The Ethiopian Horticulture Development Agency said Ethiopia has secured over 92m USD from sale of flowers, fruits and vegetables over the past five months. The agency’s Director-General, Haileselassie Tekie, said 74.5 million USD out of the total sum was secured from flower exports. Haileselassie said the revenue exceeded by 21.9% that of the same period the previous year. He said the agency plans to secure 401m USD from the export trade this fiscal year. Oromia, Amhara, Tigray, Gambella and South Ethiopia People’s states supply most of the export products to the external market (ENA, Dec. 19).
The International Fund for Agricultural Development (IFAD) will provide a loan of 50m USD and a grant of another 50m USD to Ethiopia to help rural households gain access to financial services and reduce rural poverty in the country. Approximately 3.6 million rural households living with less than 2 USD per day, of which nearly 50% are women, will gain access to improved and reliable financial services either as clients of microfinance institutions or as members of rural savings and credit cooperative societies. With this new program, IFAD will have financed 16 programs and projects in Ethiopia for a total investment of 387.7m USD benefiting 10.4 million households. Currently, only about 15% of rural households have access to savings and credit services (ENA, Dec. 22).

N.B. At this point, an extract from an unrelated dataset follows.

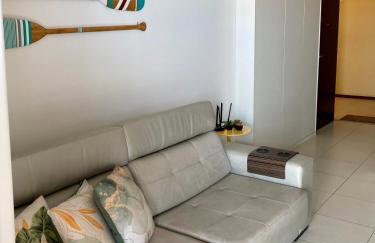 Apartamento Condomínio Barra Bali - Foto 7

A Dutch company called Soina Kirob has refused to honor its agreement with the Ethiopian government after complaining that it is losing market for the food stuffs it is producing from teff flour it imports from Ethiopia. The company has been producing biscuits, cakes and other food items from teff. It had signed an agreement with the Ethiopian Biodiversity Conservation Institute in 2005 to obtain teff and make food stuffs in a modern way. It had earlier agreed to share its profit with Ethiopia, periodically renew its license, establish a factory in Ethiopia and involve Ethiopian researchers in its production work. The Director of Resources of the Biodiversity Institute, Dr. Gemeda Dole, said all relation with the company has now been stopped following the company’s refusal to abide by the terms of the agreement (Reporter, Dec. 21).

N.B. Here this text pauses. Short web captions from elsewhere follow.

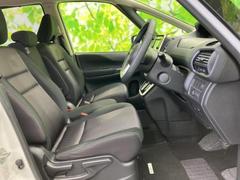 �ףţã��ңӤǤϤۤ������������߸˼�ξ�����٤��Ƥ���ޤ��������ͤΤ�������𤨤룱�椬���äȣףţã��ңӤˤ���Ϥ��Ǥ��� 5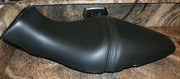 NOS Buell X1 seat M0090.K with flaws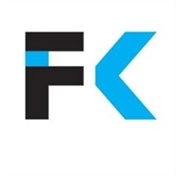 انستیتو انفورماتیک فنی کار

The Community-Led Water, Sanitation and Hygiene (COWASH) Project will be undertaken in five states at a cost of 100m USD in the coming four years, the Ministry of Water and Energy said. State Minister Kebede Gerba said the project would be undertaken in 45 districts of Oromia, Amhara, SNNP, Tigray and Benishangul-Gumuz States. He said Amhara, Oromia, SNNP and Tigray Sates have also jointly earmarked 10m USD to support financing the projects in the coming three years. The projects would benefit 200,000 people in rural areas since they will increases water supply access from 71.3% to 98%. The Finnish and Canadian governments, UNICEF, and regional states will cover the cost of the projects (ENA, Dec. 22).

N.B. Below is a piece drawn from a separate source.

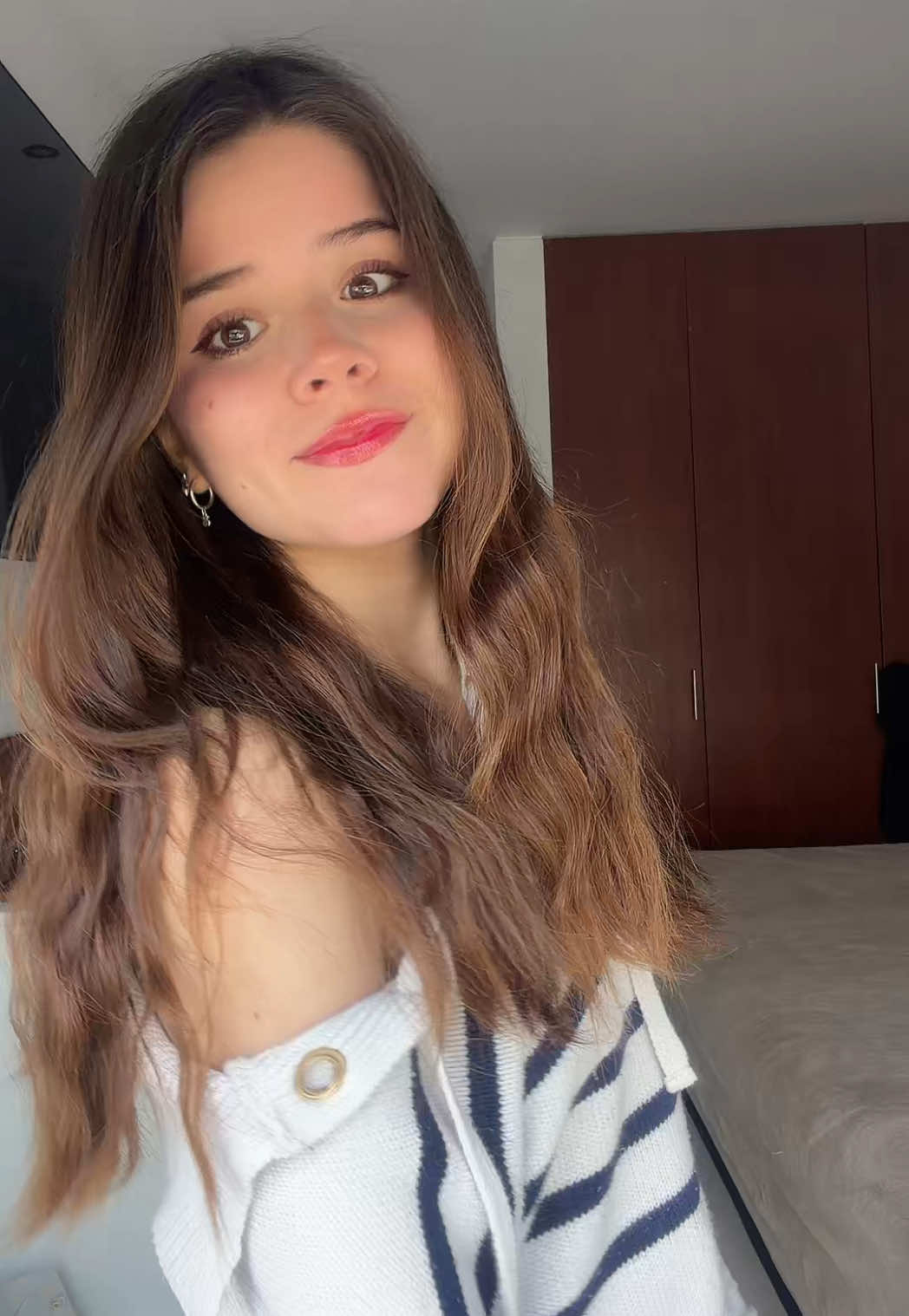 @Jessimel🐒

The world may still have gold and myrrh, but it's quite possible that frankincense could become a thing of the past, given ecological pressures on the arid lands where it grows in Ethiopia. The storied resin, known to millions as one of the three gifts of the Magi, the wise men who visited Jesus after his birth, is made from gum produced by the boswellia papyrifera tree. Its "bitter perfume" is used as incense in religious rituals in many cultures, as well as an ingredient in perfume and Chinese traditional medicine. Dutch and Ethiopian researchers studying populations of the scraggly, scrub-like trees in northern Ethiopia found that as many as 7% of the trees are dying each year, and seedlings are not surviving into saplings. Their paper in the Journal of Applied Ecology finds that the Ethiopian trees that produce much of the world's frankincense are declining so dramatically that production could be halved over the next 15 years and the trees themselves could decline by 90% in the next 50 years (USA Today, Dec. 21).
The Ethiopian Health and Nutrition Research Institute (EHNRI) said the National Malaria Indicator Survey (MIS) conducted at a cost of one million USD has been completed. The institute’s Acting Director, Dr. Amaha Kebede, said the survey has been conducted in all malaria prone areas of the country. The study collected data on the distribution of the disease across the country. It was conducted to evaluate the coverage of key malaria control interventions and to assess progress towards national strategic goals. According to Dr. Amaha, Ethiopia is on the right track to meet the MDG targets on malaria. The study was conducted in cooperation with the Ministry of Health, EHNRI and partner organizations (ENA, Dec. 22).